Zygmunt Bauman ha detto: “Quando si evita ad ogni costo di ritrovarsi soli, si rinuncia all’opportunità di provare la solitudine. Quel sublime stato in cui è possibile raccogliere le proprie idee, meditare, riflettere, creare e, in ultima analisi, dare senso e sostanza alla comunicazione”.
Nella nostra società siamo soliti vedere la solitudine con occhio negativo, non la accettiamo, non la tolleriamo, forse perché l’uomo viene definito come un animale sociale, quindi viviamo in branchi e da soli non possiamo sopravvivere. Ci siamo mai chiesti però se ogni tanto magari un po’ di solitudine non faccia poi così male? Non è sicuramente una domanda che noi tutti ci poniamo frequentemente. Però secondo Baumant la solitudine non ci viene descritta come un qualcosa di tragico. A chi non sa se fidarsi dico provare per credere. In fondo la solitudine non è una delle catastrofi più terribili che un uomo può incontrare nel corso della sua vita. Uno deve solo fare l’abitudine alle occhiate che gli altri ti lanciano nel momento in cui preferisci essere un lupo solitario più che far parte del branco.
A parte questo a volte la solitudine non è molto d’aiuto e la situazione da sopportare potrebbe essere più difficile di quanto sembra. E’ proprio il caso di Massimo Pericolo, circondato da droga, alcool e puttane, convinto di avere tutto quando invece non ha niente e le sue canzoni ne sono la prova.
Da Ansia a Cocco, da Ramen girl ad Amici, gli argomenti sempre gli stessi, ma la solitudine che si avverte diventa sempre più forte.
“Corrono come se avessero il fuoco sotto il sedere in cerca di qualcosa che non si trova. Si tratta fondamentalmente della paura di affrontare se stessi, si tratta fondamentalmente della paura di essere soli. Invece a me fa paura la folla”. Sembra quasi che Bukowski conoscesse Massimo Pericolo. Con questa frase ha descritto chiaramente quello che il suo album lascia intendere: paura della folla, paura di quello che potrebbero fargli, delle delusioni che potrebbe nuovamente ricevere.
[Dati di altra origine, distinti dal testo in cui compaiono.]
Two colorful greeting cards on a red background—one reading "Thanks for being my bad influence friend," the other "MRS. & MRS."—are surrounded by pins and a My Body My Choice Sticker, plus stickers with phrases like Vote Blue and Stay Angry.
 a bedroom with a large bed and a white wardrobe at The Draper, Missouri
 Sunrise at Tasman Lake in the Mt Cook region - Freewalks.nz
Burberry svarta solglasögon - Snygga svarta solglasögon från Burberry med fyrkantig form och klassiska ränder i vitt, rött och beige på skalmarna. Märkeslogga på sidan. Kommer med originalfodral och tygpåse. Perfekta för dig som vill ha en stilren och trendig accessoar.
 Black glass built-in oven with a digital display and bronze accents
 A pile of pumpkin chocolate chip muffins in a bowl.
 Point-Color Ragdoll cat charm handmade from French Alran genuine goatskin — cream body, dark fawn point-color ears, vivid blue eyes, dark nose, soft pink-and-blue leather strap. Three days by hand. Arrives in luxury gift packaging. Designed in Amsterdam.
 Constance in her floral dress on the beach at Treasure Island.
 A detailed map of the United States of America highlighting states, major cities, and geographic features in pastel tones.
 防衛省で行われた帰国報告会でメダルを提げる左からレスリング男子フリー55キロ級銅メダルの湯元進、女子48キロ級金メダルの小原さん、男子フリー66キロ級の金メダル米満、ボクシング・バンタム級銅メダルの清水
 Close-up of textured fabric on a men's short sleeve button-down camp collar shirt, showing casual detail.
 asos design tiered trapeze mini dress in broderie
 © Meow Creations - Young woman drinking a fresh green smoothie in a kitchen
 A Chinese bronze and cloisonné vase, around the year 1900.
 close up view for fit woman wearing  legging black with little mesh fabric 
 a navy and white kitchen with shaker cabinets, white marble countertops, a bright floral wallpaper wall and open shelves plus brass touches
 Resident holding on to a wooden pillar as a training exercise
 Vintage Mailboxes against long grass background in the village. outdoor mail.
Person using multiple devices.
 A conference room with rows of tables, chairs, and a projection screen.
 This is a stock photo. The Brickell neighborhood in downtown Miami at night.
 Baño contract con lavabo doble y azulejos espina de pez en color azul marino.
E questo ce lo dice lui chiaramente, dopo essere stato ingannato e ferito dai suoi amici, dalle persone che amava e dalla società stessa. Non si fida della folla, così preferisce vivere nella solitudine anche soffrendo. Ma il dolore che prova in questo modo non è minimamente paragonabile al tradimento di un amico o alla perdita di una persona cara.
Cocco è forse la canzone più significativa da questo punto di vista:
“L’amore fa più male dell’odio
L’amore fa più male del cocco
E la rivoglio da quando è finita”.
“Non ho più le parole
Per dirti le cose che ho dentro
E rimangono dentro di me”.
Da quest’ultima strofa sembra quasi che si sia arreso, abbia smesso di lottare per far vedere a tutti chi è veramente. Per cambiare le carte in tavola e che abbia preferito semplicemente adeguarsi alla massa. Indossare una maschera di ferro all’apparenza perfetta per il personaggio che interpreta, componendo canzoni e facendo vedere a tutti, anche a chi non c’è più o a chi se n’è andato via, che lui in realtà se la passa benissimo anche senza di loro, che è più forte di tutta la merda che lo circonda.
Ma non è così, anche se è una cosa che si nota solo analizzando con occhio critico il testo delle sue canzoni.
Giacomo Leopardi diceva che la solitudine è come una lente d’ingrandimento: se sei solo e stai bene stai benissimo, se sei solo e stai male stai malissimo.
Non ci resta altro che pensare che Baumant, Bukowski e Leopardi ne hanno passate tante nel corso della loro vita e forse qualcosa da loro potremmo pure impararla, facciamo tesoro dei nostri errori e impariamo dagli sbagli degli altri.